● ABOUT THIS EXERCISE
Output must consist only of the lines of the material below from the one with "My Cute Beast!" through the one with "Maheshwar Saree and", each reproduced exactly; no pictures belong in it.

● RECORDS FOR THIS EXERCISE
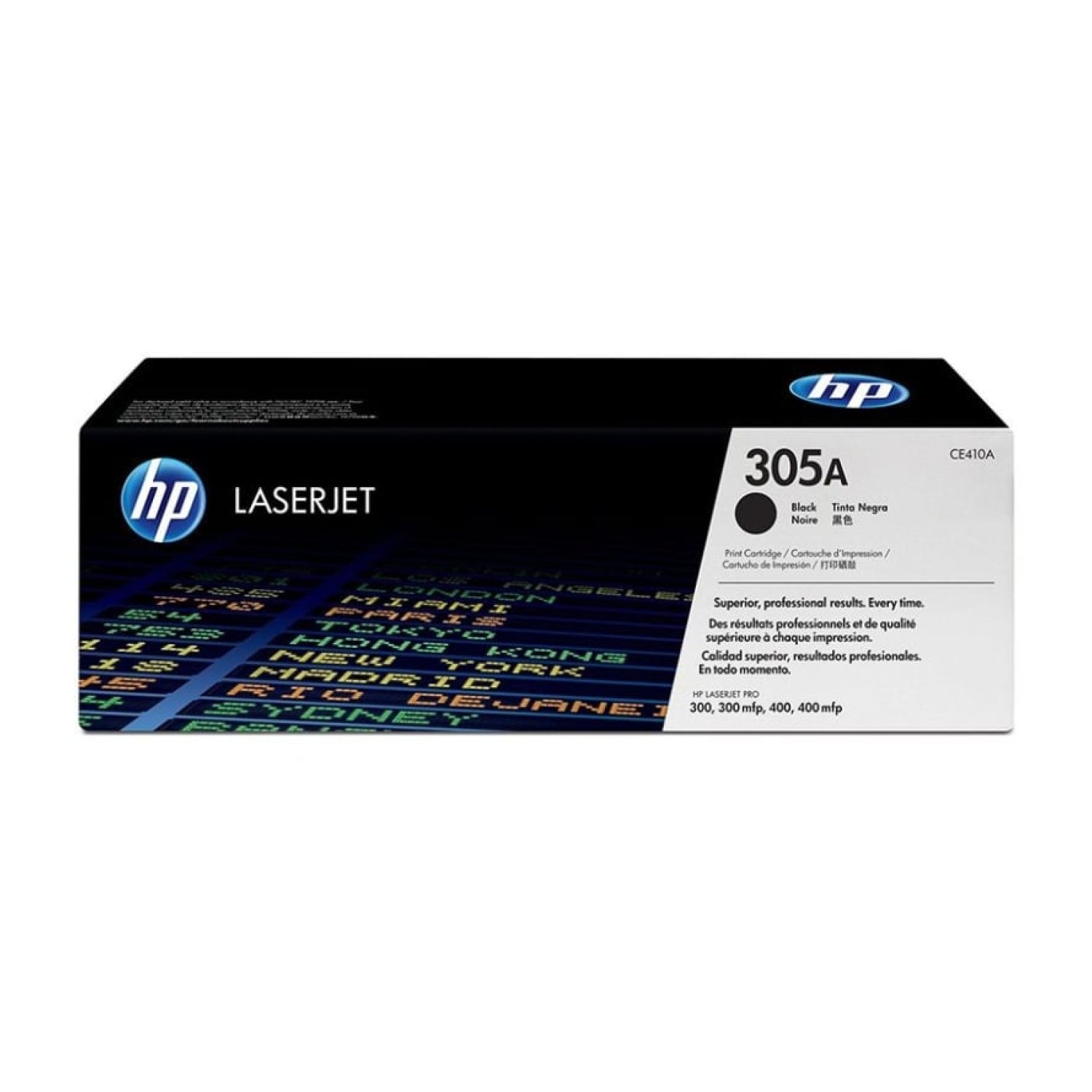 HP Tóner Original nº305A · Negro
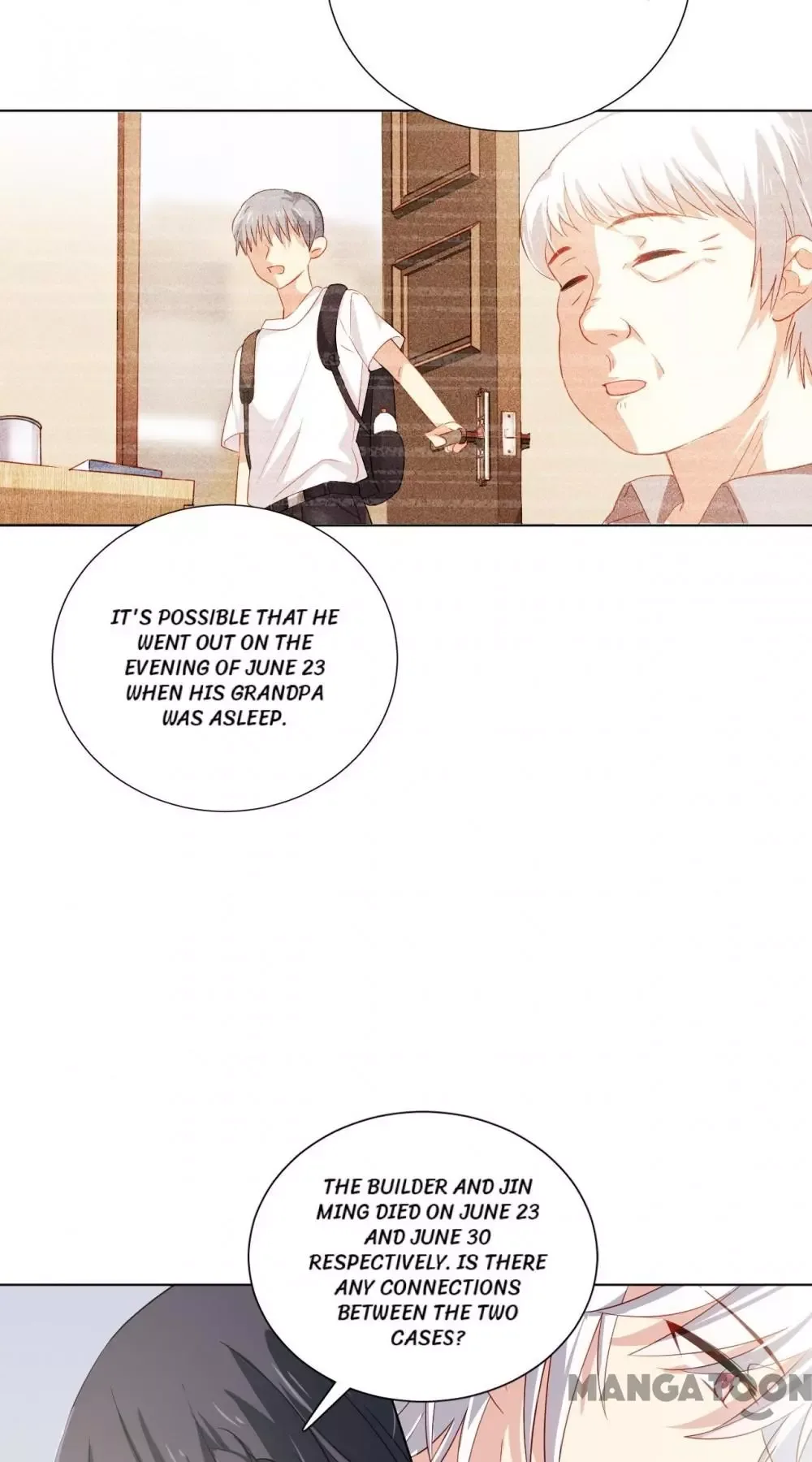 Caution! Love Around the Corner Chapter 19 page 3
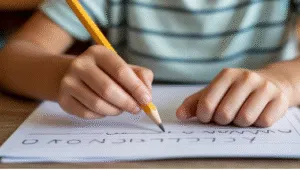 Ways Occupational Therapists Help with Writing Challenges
...
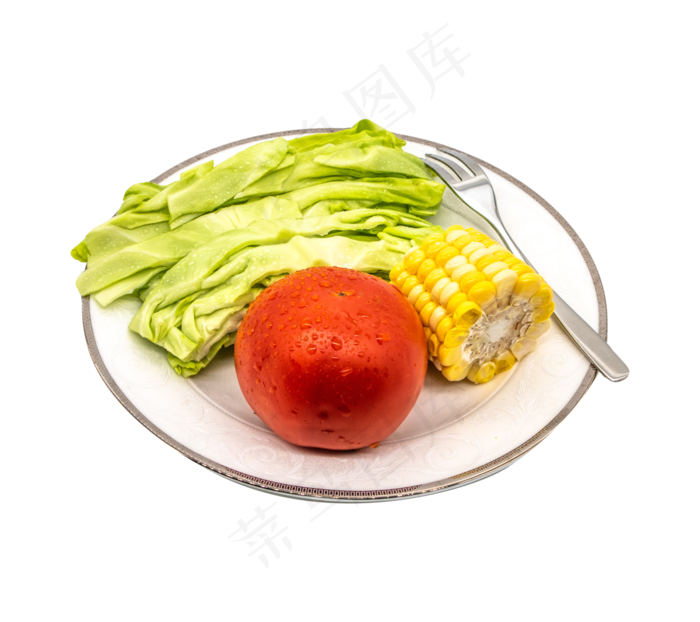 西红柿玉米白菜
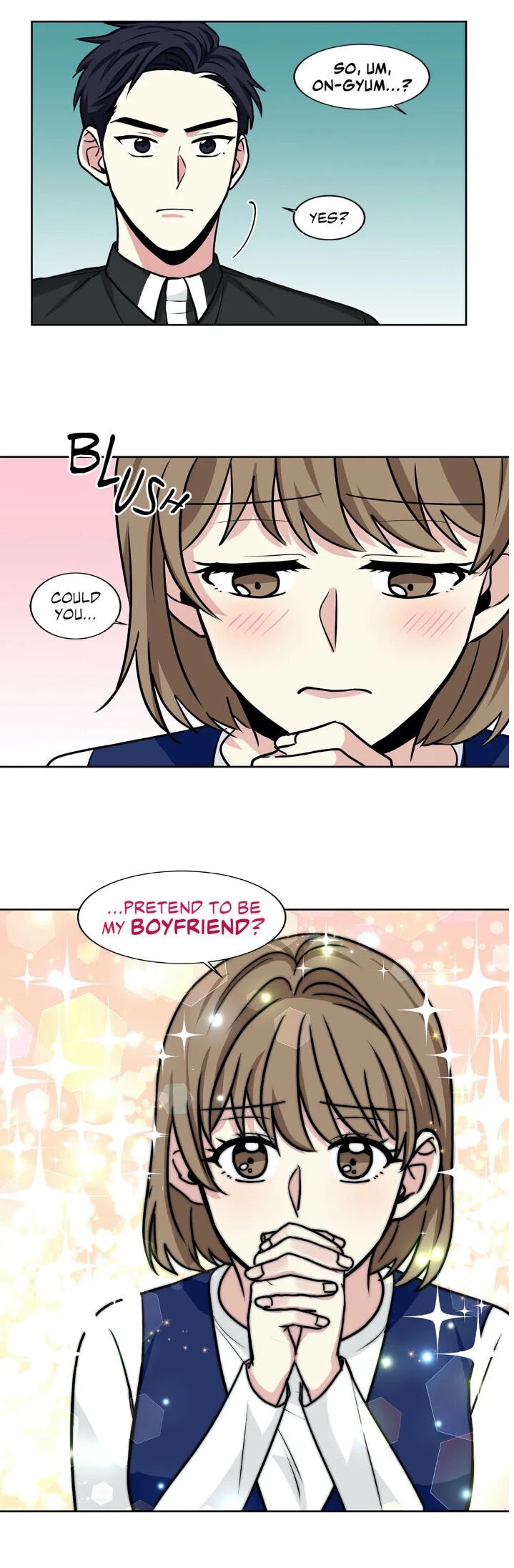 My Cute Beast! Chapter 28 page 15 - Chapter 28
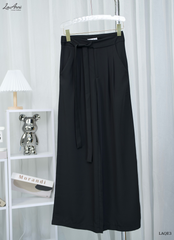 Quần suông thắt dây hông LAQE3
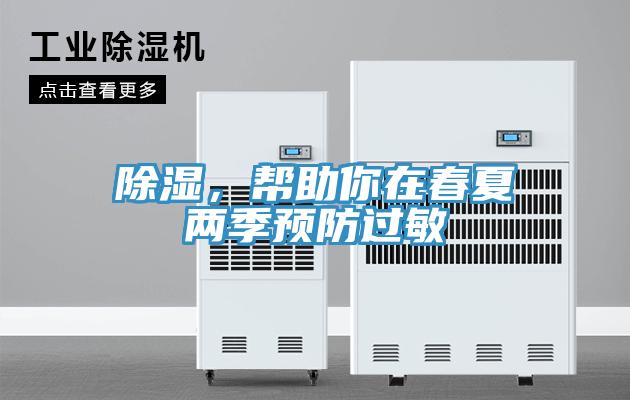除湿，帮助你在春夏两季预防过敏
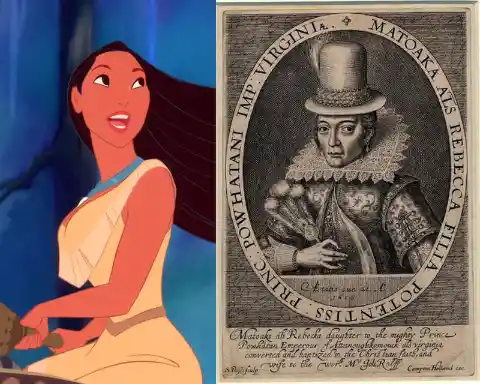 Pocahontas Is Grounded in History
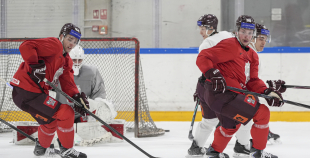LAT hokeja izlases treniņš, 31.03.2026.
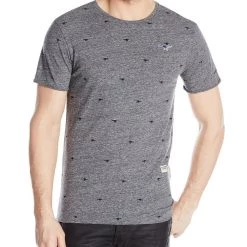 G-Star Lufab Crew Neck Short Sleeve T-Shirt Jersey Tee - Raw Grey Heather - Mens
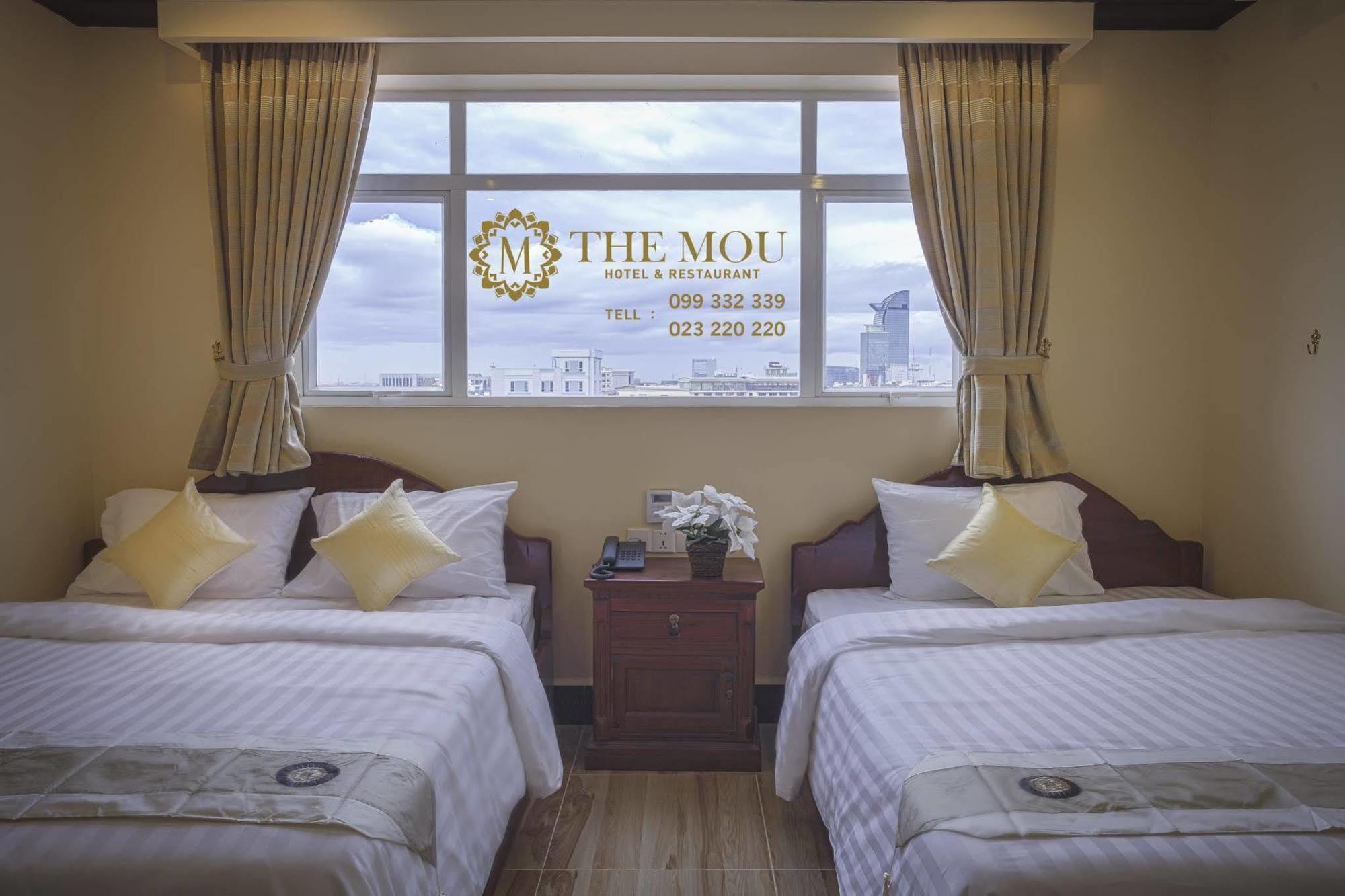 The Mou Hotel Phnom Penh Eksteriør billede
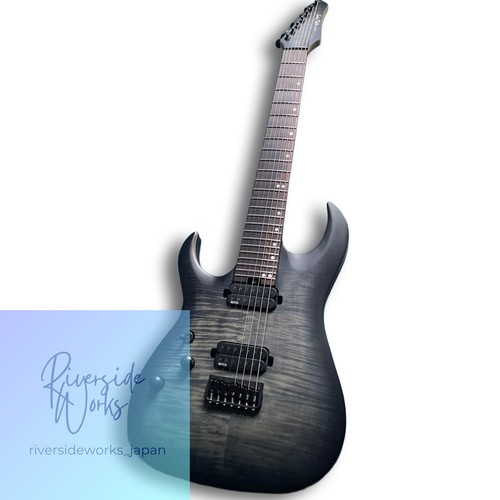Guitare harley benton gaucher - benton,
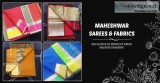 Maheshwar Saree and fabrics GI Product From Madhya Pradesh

● RESULT OF THIS TASK
 My Cute Beast! Chapter 28 page 15 - Chapter 28
 Quần suông thắt dây hông LAQE3
除湿，帮助你在春夏两季预防过敏
 Pocahontas Is Grounded in History
LAT hokeja izlases treniņš, 31.03.2026.
 G-Star Lufab Crew Neck Short Sleeve T-Shirt Jersey Tee - Raw Grey Heather - Mens
 The Mou Hotel Phnom Penh Eksteriør billede
Guitare harley benton gaucher - benton,
 Maheshwar Saree and fabrics GI Product From Madhya Pradesh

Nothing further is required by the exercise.